Task prompt:
Write the listing out again word for word, leaving each picture behind.

Provided material:
══════════
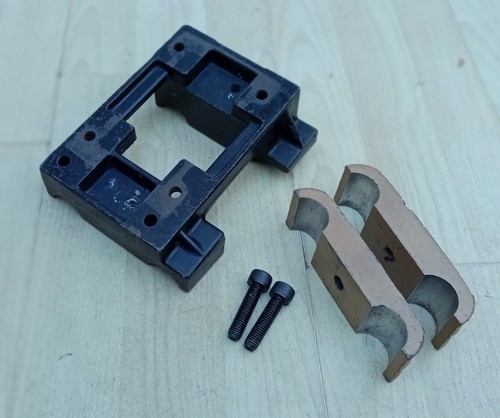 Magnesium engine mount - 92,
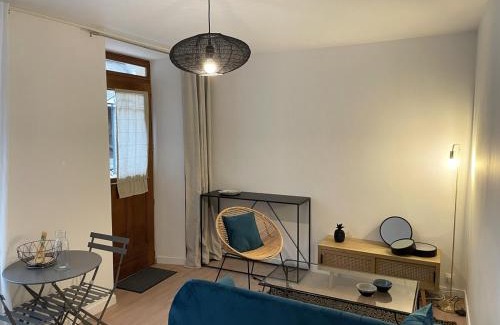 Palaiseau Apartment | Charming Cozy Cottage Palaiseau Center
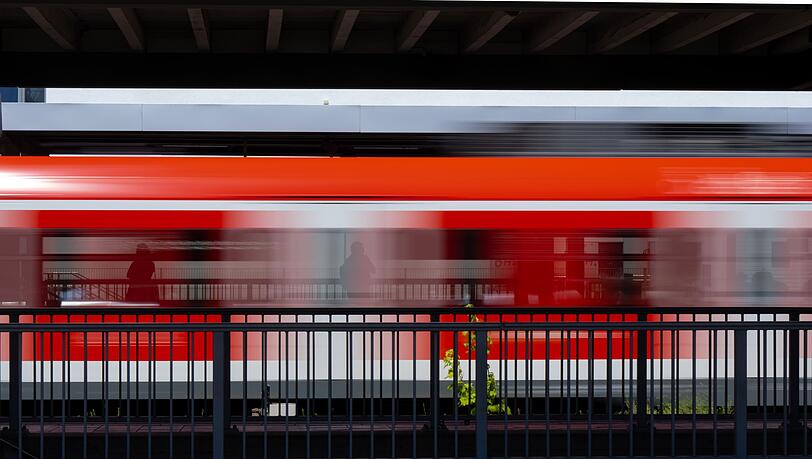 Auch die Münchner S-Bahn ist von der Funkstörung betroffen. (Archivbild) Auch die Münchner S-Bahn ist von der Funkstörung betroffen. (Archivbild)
══════════
Result for this task:
 Magnesium engine mount - 92,
 Palaiseau Apartment | Charming Cozy Cottage Palaiseau Center
 Auch die Münchner S-Bahn ist von der Funkstörung betroffen. (Archivbild) Auch die Münchner S-Bahn ist von der Funkstörung betroffen. (Archivbild)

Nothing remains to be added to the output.